I have a 3x9x40 Weaver Micro-Trac on my .17 Remington. I have had it for 30+ years and never had an issue. Don't know about the newer stuff.


----------



## youngdon (Mar 10, 2010)

Wow, I guess the consensus is buy one thirty years ago.


----------



## JTKillough (May 4, 2010)

Thanks for all the info guys. I guess I should buy it as I have not heard one bad thing about Weaver. I will let you know how it all works out.


----------



## Bigdrowdy1 (Jan 29, 2010)

Good luck JTK let us know how it works out for ya. Like the rest I got one over 30 years old worked great till eyes started going south and it has a really fine cross hairs.


----------



## ebbs (Feb 7, 2010)

bar-d said:


> I have a 3x9x40 Weaver Micro-Trac on my .17 Remington. I have had it for 30+ years and never had an issue. Don't know about the newer stuff.

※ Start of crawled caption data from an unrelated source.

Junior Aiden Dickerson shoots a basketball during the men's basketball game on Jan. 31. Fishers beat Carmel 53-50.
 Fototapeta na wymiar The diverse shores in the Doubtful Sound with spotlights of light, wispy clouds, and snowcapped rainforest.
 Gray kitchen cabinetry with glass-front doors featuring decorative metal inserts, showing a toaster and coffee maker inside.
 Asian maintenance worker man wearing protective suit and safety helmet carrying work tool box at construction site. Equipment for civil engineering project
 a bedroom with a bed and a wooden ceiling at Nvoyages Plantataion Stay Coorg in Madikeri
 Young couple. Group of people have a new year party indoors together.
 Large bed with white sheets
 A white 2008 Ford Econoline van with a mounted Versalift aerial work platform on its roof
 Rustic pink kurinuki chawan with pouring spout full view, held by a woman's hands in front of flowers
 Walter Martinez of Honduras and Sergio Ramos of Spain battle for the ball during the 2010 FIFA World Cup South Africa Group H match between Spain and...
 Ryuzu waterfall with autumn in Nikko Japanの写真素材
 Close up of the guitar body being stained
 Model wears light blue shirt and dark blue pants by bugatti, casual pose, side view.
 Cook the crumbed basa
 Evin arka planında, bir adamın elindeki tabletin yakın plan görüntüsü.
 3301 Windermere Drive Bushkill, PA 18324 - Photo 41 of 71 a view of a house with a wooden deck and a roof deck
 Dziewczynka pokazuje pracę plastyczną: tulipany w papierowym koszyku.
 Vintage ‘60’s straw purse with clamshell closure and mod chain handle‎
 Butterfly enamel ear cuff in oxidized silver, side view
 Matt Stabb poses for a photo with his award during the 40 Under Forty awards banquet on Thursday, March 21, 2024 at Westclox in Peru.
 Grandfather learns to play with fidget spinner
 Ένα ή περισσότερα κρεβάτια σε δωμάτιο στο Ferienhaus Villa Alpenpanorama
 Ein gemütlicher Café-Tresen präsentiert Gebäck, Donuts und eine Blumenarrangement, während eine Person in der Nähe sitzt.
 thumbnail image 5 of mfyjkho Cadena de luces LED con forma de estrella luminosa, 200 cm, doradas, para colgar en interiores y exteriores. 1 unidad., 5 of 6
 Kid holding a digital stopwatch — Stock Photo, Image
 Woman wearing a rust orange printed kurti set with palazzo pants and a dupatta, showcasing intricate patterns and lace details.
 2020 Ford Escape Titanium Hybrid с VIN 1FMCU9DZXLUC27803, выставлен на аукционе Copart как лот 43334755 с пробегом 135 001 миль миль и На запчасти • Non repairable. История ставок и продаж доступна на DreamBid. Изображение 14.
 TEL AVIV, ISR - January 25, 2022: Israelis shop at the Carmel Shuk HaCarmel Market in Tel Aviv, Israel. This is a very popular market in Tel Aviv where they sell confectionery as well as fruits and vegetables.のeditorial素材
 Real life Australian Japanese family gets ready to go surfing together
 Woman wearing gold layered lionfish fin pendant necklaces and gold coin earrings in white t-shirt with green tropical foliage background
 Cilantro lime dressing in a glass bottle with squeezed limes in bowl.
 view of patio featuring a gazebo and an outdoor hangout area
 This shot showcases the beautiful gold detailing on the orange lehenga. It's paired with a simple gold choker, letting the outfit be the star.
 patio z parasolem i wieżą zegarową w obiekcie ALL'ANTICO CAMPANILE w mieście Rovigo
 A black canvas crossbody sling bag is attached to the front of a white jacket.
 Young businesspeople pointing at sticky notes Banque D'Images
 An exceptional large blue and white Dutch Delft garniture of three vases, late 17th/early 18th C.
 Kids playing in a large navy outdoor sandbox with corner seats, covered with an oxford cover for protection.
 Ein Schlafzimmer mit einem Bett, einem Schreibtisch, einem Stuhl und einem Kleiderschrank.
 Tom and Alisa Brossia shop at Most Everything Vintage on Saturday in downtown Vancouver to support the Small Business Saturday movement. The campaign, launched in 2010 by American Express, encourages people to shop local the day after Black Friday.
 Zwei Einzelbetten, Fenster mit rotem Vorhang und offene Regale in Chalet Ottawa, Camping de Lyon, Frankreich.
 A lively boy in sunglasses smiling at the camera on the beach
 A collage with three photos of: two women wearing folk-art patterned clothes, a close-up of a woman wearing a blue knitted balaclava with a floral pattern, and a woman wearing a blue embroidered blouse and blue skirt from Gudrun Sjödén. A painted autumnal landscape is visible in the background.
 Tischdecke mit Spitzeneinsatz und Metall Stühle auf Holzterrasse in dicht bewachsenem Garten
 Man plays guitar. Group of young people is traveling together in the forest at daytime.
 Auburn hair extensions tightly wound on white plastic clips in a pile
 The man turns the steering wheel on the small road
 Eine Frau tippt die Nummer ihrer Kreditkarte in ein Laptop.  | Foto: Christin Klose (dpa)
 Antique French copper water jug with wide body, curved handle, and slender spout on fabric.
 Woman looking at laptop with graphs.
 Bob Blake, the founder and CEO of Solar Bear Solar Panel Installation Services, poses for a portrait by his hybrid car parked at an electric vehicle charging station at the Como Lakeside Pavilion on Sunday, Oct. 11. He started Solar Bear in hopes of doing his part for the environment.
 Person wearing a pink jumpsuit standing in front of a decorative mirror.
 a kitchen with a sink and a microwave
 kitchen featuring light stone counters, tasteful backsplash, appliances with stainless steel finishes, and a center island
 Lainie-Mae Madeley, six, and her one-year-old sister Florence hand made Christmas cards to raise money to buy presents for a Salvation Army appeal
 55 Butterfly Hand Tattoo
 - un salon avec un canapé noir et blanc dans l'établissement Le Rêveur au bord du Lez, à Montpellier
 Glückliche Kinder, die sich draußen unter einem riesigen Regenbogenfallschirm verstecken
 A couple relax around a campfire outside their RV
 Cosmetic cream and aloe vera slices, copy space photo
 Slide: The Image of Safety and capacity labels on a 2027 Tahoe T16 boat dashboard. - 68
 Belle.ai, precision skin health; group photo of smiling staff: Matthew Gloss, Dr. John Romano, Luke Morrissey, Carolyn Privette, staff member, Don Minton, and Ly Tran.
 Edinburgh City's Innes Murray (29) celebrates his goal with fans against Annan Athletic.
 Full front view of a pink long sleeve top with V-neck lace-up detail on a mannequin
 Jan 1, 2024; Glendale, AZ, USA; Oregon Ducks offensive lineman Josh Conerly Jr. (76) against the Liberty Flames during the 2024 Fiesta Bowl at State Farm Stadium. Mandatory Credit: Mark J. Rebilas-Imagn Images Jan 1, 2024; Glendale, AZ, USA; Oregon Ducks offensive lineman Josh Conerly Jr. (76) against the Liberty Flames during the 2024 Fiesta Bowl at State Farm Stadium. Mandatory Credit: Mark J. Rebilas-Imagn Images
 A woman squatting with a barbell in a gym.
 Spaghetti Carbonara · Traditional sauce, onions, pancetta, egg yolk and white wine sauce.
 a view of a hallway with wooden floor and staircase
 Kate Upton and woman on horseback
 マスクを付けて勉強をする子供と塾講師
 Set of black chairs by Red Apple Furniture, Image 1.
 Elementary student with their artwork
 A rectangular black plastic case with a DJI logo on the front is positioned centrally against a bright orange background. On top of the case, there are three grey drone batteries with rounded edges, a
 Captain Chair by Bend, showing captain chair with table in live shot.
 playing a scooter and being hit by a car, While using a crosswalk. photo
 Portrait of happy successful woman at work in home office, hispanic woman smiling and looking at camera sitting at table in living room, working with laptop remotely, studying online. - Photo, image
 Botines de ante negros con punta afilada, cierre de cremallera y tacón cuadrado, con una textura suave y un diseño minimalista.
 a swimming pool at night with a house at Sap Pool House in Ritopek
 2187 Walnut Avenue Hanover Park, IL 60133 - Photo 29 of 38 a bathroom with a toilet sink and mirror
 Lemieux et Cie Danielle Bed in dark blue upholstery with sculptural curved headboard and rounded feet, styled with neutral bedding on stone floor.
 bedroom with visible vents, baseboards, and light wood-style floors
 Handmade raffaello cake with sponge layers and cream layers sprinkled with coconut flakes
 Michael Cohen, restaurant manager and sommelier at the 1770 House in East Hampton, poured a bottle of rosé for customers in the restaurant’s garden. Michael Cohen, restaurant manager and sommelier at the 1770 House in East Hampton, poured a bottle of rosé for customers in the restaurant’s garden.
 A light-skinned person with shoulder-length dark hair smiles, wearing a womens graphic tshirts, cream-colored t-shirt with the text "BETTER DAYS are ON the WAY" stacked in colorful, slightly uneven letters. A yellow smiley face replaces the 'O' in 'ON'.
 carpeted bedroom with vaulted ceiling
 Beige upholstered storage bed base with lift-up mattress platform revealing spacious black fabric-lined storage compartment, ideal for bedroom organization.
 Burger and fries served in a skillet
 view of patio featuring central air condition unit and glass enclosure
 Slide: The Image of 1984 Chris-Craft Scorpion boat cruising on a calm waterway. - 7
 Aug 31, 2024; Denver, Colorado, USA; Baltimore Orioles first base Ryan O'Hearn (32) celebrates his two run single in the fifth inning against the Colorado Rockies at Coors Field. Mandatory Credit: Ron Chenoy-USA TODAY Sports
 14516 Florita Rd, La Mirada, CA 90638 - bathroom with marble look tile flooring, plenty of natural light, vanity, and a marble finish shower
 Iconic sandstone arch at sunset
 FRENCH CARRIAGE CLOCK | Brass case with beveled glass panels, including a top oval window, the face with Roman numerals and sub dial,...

One of mine was a fixed 4x Micro-Trac. Sold it a couple years back and now I wish I hadn't. That scope was just begging to be put on a 30-30 or something of the like. Just like Rowdy says it had SUPER fine crosshairs. Loved how open my sight picture was and how precise it felt.


----------



## JTKillough (May 4, 2010)

Well, the Weaver 6-24X42 scope was delivered about a week ago. I mounted it on a Remington 700 30-06, the fit was tight, but do-able, kept the mounting as close to bore as possible with medium rings. As far as clarity it is not the best, a little hazy on the higher, 24 power setting, but still clear enough to see bullet strikes on a target beyond 200 meters. Eye relief was plenty (about 3 inches) and the adjustments worked flawlessly. I sighted dead on at 220 yards for a point blank range out to 275 yards at a 7 inch kill zone. Able to put all shots into a 2.5 inch circle at that range running a 180 grain Sierra. Now the fun starts, I need to work up a load with a little lighter bullet, hoping for 165 grain. The semi-target turrents seem to be the same as a target turrent, just shorter and a little less adjustment, but still using a 1/8 inch click. Thats where the mil-dot reticle comes in. Was this scope worth $330, yes, for what I have see. The mil-dot reticle would have been better with a little finer crosshair but it's usable and I can still pin-point a 1 inch circle at 220. I would rate it a 7 on 1-10, not as clear as a Leupold but far better than most.


----------



## hassell (Feb 9, 2010)

Haven't shot a heavy grain bullet for years-- 180 gr and heavier, went to the 165spbt in the 06 and 300 and they love it.


----------



## showmeyote (Dec 12, 2010)

Sorry Im late guess i didnt see this thread. The Grade Slam scope I have is one of the clearest scopes I own. But I couldnt speak for the classic, sorry. Im really surprised that it is hazy at full power. Most scopes are a little blurry, and with the dial on the eye relief seems to help most out. Good luck on smoking one out @ 500. That be SWEET....


----------



## youngdon (Mar 10, 2010)

Sorry to hear it is hazy JT but I think you are spot on that at $330 and 24x it seems pretty good. Most scopes lose clarity at the higher end of the power range until you get into the $500 range IMO.I like the 165's also but a friend gave me 500 180gr silvertips a few years back so I shoot them.


----------



## KaBloomr (Mar 18, 2010)

+1 on the Grand Slam line. I have 2 of them and just purchased a third. They cannot be beat for clarity, durability, and overall quality for the $300-400 price range. Sorry to hear the V series is a little fuzzy.


----------